We examine the interplay of symmetry and topological order in 2 + 1-dimensional topological quantum phases of matter. We present a precise definition of the topological symmetry group Aut(C), which characterizes the symmetry of the emergent topological quantum numbers of a topological phase C, and we describe its relation with the microscopic symmetry of the underlying physical system. This allows us to derive a general framework to characterize and classify symmetry fractionalization in topological phases, including phases that are non-Abelian and symmetries that permute the quasiparticle types and/or are antiunitary. We develop a theory of extrinsic defects (fluxes) associated with elements of the symmetry group, extending previous results in the literature.

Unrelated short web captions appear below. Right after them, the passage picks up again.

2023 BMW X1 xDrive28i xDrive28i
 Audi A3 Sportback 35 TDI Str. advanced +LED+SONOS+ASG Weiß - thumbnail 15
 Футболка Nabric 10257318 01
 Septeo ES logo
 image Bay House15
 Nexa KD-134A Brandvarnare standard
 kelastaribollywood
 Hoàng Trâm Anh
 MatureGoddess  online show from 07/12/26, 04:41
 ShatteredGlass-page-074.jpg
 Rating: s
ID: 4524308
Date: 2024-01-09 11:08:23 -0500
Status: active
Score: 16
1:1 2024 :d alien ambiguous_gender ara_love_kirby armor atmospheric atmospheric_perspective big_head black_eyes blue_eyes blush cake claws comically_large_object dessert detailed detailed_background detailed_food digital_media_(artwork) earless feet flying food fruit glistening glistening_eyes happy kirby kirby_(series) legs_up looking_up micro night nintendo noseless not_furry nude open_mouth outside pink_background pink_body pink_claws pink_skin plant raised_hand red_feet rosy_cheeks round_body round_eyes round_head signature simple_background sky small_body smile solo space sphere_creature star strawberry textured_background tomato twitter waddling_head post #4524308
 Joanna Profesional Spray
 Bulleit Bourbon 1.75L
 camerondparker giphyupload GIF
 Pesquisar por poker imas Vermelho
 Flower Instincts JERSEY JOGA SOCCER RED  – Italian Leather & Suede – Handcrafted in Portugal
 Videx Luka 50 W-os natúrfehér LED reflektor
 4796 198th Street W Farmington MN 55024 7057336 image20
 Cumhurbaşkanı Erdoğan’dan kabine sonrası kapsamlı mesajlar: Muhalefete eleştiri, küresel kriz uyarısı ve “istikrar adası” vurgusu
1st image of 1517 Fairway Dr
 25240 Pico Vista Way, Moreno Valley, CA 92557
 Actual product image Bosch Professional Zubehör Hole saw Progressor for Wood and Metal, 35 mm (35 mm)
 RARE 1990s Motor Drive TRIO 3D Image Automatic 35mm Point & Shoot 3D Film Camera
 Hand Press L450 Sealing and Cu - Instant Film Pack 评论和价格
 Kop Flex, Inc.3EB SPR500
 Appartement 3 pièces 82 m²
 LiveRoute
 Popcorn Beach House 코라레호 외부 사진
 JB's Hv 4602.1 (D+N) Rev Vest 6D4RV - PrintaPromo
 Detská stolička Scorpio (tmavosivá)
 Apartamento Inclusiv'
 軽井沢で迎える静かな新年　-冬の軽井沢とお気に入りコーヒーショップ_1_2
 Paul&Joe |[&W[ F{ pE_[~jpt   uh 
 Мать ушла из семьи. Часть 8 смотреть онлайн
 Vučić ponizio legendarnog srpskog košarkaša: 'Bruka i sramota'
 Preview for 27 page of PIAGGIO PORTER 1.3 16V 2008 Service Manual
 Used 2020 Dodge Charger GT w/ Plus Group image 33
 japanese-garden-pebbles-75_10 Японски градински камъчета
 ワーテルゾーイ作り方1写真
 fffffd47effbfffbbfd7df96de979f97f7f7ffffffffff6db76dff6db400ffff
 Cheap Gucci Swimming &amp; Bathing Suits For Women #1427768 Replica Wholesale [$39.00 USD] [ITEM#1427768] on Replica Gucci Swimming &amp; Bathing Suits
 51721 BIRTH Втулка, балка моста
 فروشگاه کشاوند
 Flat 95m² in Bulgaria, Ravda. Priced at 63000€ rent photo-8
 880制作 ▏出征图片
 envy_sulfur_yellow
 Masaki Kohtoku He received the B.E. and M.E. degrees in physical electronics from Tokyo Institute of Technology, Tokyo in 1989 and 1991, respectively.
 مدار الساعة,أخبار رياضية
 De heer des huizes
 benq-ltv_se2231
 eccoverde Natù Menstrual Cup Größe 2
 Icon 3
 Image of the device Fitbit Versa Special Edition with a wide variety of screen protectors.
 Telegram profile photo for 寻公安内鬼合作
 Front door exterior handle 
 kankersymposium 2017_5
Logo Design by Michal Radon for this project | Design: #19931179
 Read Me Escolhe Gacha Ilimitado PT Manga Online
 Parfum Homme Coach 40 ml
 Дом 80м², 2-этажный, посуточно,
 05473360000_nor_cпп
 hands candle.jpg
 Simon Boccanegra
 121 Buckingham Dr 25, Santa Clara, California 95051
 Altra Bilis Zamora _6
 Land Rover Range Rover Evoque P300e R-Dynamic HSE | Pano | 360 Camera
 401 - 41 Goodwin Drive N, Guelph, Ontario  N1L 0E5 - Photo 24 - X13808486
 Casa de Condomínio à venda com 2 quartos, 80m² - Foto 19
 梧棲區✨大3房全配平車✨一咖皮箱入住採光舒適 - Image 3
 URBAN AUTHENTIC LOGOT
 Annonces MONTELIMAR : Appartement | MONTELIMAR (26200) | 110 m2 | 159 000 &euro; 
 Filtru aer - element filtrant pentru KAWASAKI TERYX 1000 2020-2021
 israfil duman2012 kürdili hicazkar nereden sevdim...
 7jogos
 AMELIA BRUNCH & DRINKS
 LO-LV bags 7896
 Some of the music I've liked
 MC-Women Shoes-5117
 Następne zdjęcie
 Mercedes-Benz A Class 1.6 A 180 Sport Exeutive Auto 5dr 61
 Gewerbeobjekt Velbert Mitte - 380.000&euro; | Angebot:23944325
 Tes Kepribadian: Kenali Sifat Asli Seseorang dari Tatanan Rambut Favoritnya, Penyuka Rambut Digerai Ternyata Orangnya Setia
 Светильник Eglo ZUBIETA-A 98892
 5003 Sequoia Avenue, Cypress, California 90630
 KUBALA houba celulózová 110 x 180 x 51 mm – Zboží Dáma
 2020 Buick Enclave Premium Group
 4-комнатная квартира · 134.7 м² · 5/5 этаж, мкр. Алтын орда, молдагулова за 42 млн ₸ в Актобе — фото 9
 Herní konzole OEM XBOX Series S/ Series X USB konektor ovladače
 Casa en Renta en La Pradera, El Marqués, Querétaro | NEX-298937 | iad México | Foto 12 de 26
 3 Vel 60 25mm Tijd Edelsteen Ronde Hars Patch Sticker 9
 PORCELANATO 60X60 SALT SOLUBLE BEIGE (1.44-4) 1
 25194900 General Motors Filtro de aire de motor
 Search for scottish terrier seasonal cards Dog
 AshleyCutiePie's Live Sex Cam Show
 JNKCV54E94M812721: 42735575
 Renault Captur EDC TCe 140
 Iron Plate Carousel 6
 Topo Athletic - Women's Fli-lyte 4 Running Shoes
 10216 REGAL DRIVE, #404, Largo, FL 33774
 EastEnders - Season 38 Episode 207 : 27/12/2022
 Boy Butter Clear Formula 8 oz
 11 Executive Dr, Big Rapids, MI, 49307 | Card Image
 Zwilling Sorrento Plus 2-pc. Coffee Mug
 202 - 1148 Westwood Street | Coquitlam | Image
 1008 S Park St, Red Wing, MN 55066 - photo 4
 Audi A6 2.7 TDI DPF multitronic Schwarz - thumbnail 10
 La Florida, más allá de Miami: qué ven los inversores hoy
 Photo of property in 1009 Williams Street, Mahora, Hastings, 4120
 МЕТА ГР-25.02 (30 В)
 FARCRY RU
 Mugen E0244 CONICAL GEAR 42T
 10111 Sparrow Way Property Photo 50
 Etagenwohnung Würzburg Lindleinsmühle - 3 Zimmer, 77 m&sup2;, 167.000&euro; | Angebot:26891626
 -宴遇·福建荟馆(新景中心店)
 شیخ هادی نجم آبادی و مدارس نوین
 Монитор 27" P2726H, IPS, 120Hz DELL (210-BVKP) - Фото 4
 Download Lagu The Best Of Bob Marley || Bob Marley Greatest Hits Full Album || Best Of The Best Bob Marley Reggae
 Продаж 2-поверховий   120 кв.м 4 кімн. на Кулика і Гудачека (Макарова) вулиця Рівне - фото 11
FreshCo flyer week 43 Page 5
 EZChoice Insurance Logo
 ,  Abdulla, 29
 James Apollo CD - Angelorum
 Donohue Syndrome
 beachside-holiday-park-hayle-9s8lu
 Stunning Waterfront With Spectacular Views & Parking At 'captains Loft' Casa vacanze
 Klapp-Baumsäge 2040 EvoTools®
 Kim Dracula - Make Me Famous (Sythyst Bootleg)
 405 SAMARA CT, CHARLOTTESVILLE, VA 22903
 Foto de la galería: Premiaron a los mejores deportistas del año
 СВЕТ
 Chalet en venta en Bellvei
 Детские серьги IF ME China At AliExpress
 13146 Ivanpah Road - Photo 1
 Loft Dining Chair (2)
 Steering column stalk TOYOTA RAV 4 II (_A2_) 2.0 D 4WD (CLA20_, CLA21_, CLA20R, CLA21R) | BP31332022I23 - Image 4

This provides a general classification of 2 + 1-dimensional symmetry-enriched topological (SET) phases derived from a topological phase of matter C with on-site symmetry group G. We derive a set of data and consistency conditions, the solutions of which define the algebraic theory of the defects, known as a G-crossed braided tensor category C-G(x). This allows us to systematically compute many properties of these theories, such as the number of topologically distinct types of defects associated with each group element, their fusion rules, quantum dimensions, zero modes, braiding exchange transformations, a generalized Verlinde formula for the defects, and modular transformations of the G-crossed extensions of topological phases. We also examine the promotion of the global on-site symmetry to a local gauge invariance (gauging the symmetry), wherein the extrinsic G defects are turned into deconfined quasiparticle excitations, which results in a different topological phase (C-G(x))(G) . We present systematic methods to compute the properties of (C-G(X))(G) when G is a finite group. The quantum phase transition between the topological phases (C-G(x))(G) and C can be understood to be a gauge symmetry breaking transition, thus shedding light on the universality class of a wide variety of topological quantum phase transitions. A number of instructive and/or physically relevant examples are studied in detail.